### Material to process
++++++++

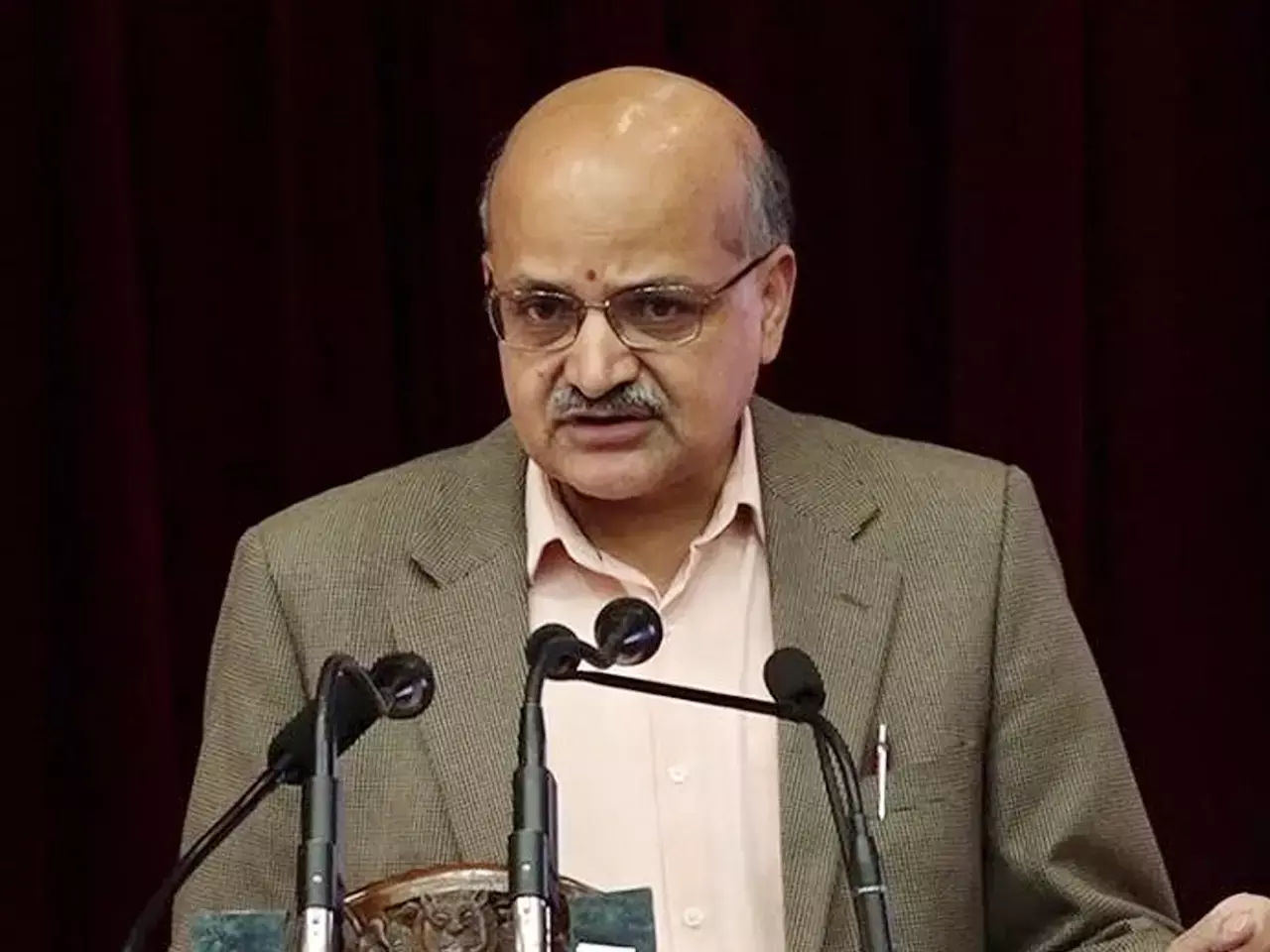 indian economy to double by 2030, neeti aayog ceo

++++++++

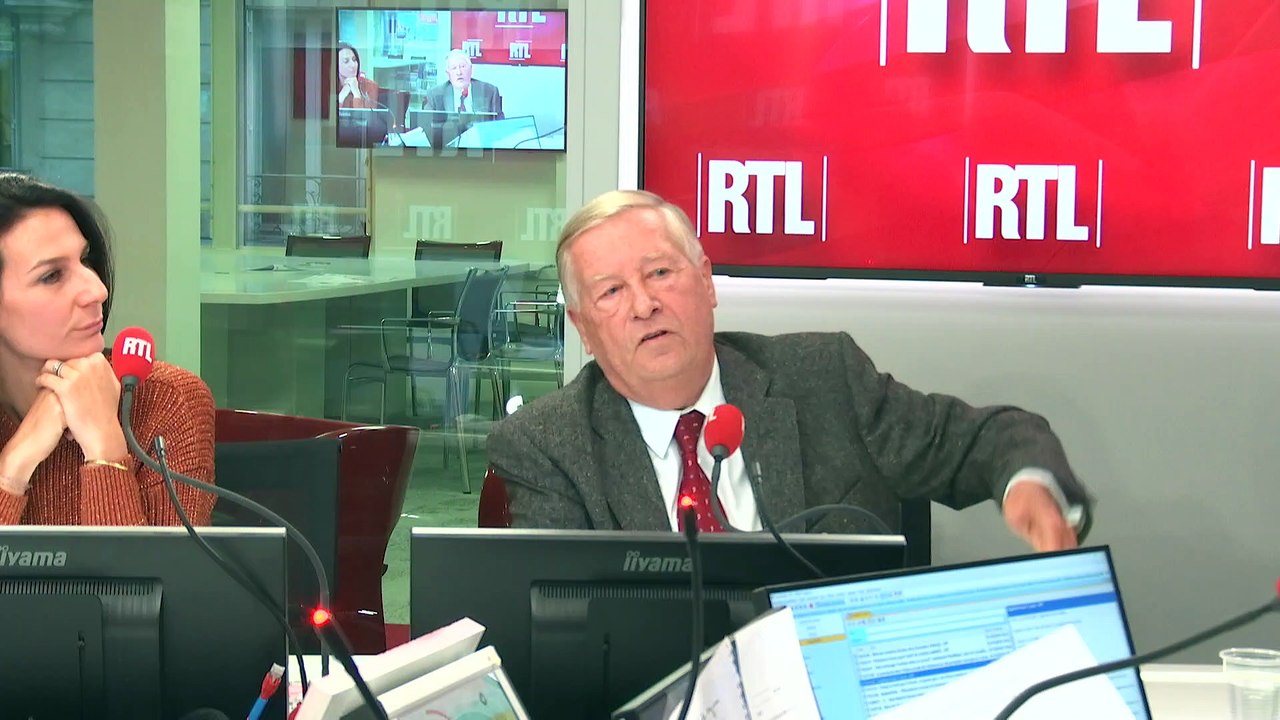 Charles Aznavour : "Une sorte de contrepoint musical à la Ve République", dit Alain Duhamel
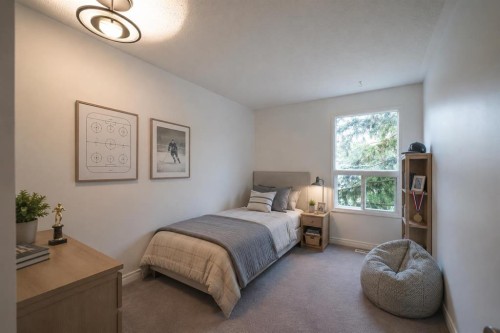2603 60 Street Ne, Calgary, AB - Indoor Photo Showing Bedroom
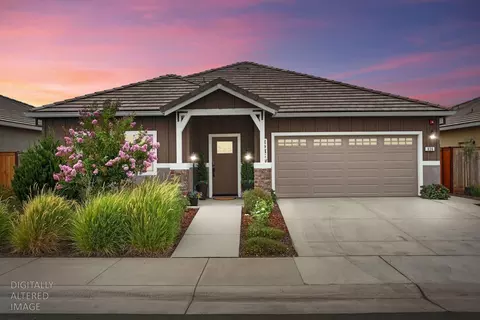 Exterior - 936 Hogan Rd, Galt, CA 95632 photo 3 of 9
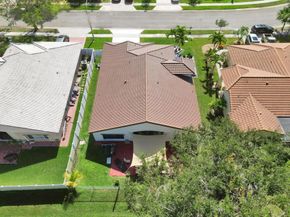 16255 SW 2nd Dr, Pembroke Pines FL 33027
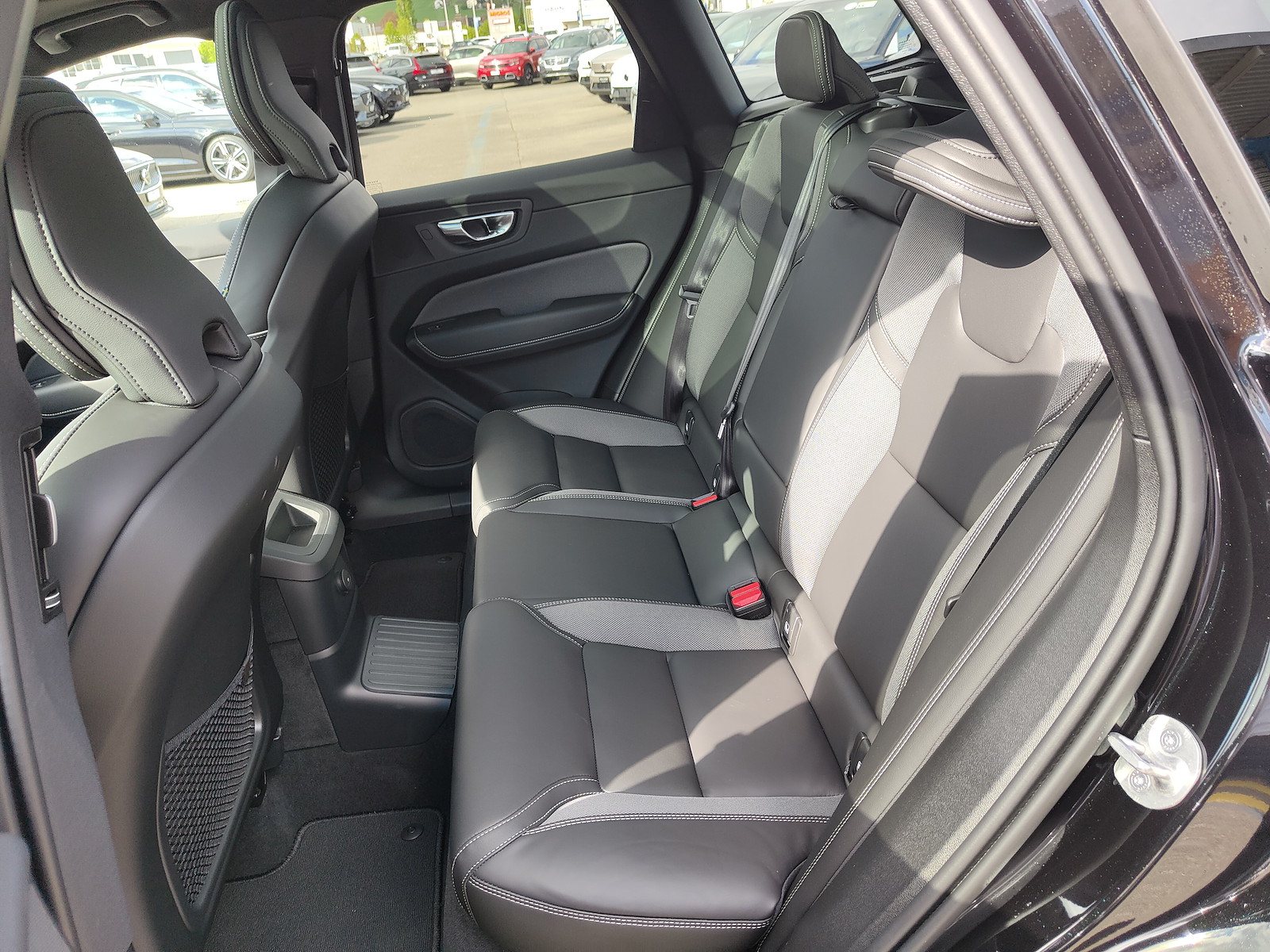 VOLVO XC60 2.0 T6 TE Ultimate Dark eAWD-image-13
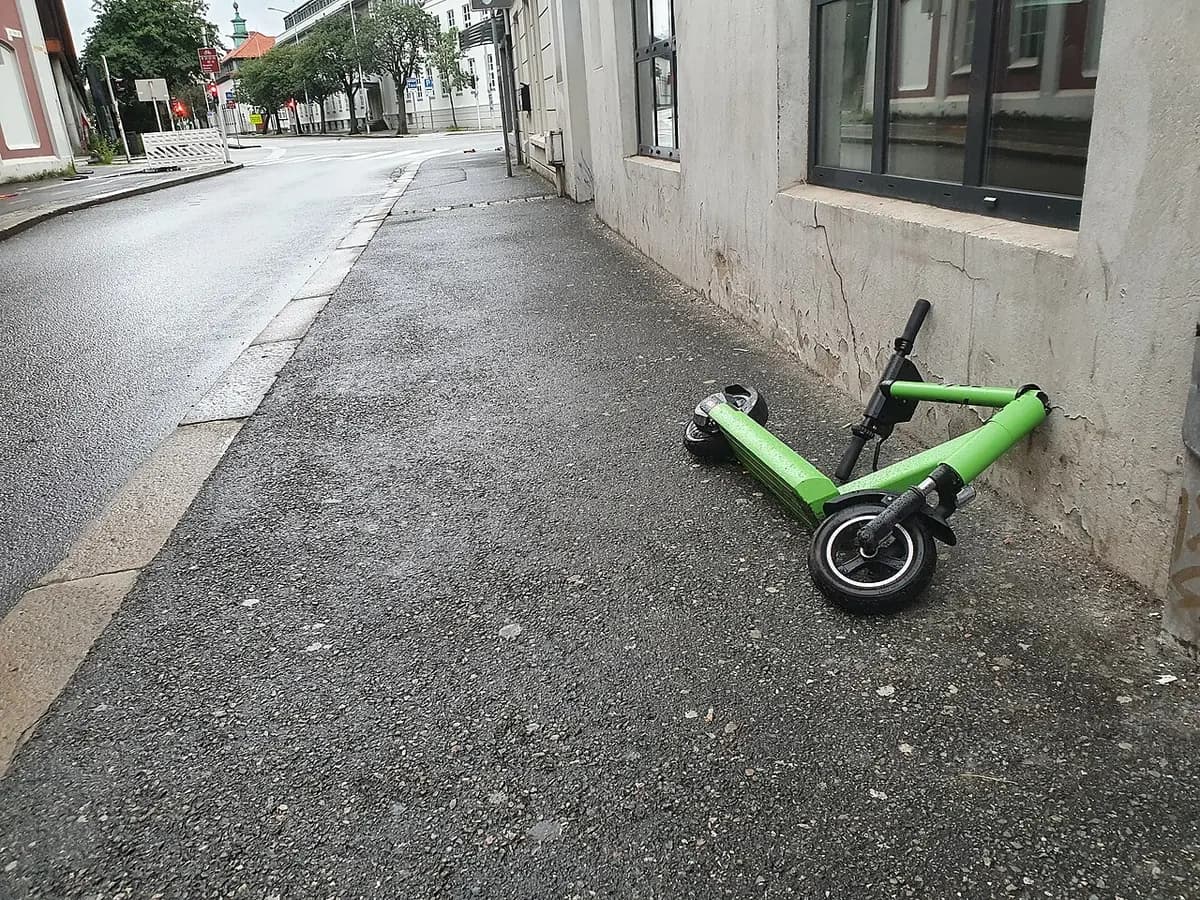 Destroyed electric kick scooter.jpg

++++++++

### What you have to do
Above, find the line holding "16255 SW 2nd Dr, Pembroke Pines FL 33027" and the line holding "Destroyed electric kick scooter.jpg". Print exactly those two lines and every line between them, but no pictures.

### Reply to the exercise
 16255 SW 2nd Dr, Pembroke Pines FL 33027
 VOLVO XC60 2.0 T6 TE Ultimate Dark eAWD-image-13
 Destroyed electric kick scooter.jpg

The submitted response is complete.